● **About this task**
Set down each line from the start of the material exactly, please, up to and including the one that contains "Vets Player Sponsorship - Tom Russell".

────────

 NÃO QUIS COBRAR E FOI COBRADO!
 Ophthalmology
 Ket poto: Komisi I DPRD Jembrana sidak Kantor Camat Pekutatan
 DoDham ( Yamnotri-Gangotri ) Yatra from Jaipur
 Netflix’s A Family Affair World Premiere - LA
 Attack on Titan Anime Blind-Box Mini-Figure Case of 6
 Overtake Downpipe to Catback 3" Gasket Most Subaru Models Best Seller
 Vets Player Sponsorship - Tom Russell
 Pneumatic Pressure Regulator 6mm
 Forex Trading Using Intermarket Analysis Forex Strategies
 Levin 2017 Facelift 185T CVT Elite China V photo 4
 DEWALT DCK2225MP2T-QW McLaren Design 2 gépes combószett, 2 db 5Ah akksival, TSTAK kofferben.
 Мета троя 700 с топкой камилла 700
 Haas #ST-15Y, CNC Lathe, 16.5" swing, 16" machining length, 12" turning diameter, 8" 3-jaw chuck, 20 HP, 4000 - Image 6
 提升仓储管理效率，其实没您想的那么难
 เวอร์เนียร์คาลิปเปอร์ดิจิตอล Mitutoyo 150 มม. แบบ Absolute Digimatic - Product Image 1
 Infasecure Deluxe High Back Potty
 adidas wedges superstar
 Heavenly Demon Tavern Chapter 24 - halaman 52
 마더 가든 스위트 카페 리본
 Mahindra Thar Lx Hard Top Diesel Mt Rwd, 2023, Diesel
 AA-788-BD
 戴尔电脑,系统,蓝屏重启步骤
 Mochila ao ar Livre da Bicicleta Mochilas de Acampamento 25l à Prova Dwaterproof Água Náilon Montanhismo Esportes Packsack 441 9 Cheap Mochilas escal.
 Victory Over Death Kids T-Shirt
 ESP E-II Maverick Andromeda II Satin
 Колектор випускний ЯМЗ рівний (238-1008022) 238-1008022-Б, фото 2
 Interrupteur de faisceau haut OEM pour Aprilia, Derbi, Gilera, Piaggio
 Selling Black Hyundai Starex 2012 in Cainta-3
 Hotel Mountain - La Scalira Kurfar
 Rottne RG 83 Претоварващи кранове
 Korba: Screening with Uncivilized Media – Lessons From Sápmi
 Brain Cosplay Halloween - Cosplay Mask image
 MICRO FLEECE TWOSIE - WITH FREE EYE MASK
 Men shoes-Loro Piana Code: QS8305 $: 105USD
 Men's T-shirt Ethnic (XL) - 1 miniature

────────

● **Response**
 NÃO QUIS COBRAR E FOI COBRADO!
 Ophthalmology
 Ket poto: Komisi I DPRD Jembrana sidak Kantor Camat Pekutatan
 DoDham ( Yamnotri-Gangotri ) Yatra from Jaipur
 Netflix’s A Family Affair World Premiere - LA
 Attack on Titan Anime Blind-Box Mini-Figure Case of 6
 Overtake Downpipe to Catback 3" Gasket Most Subaru Models Best Seller
 Vets Player Sponsorship - Tom Russell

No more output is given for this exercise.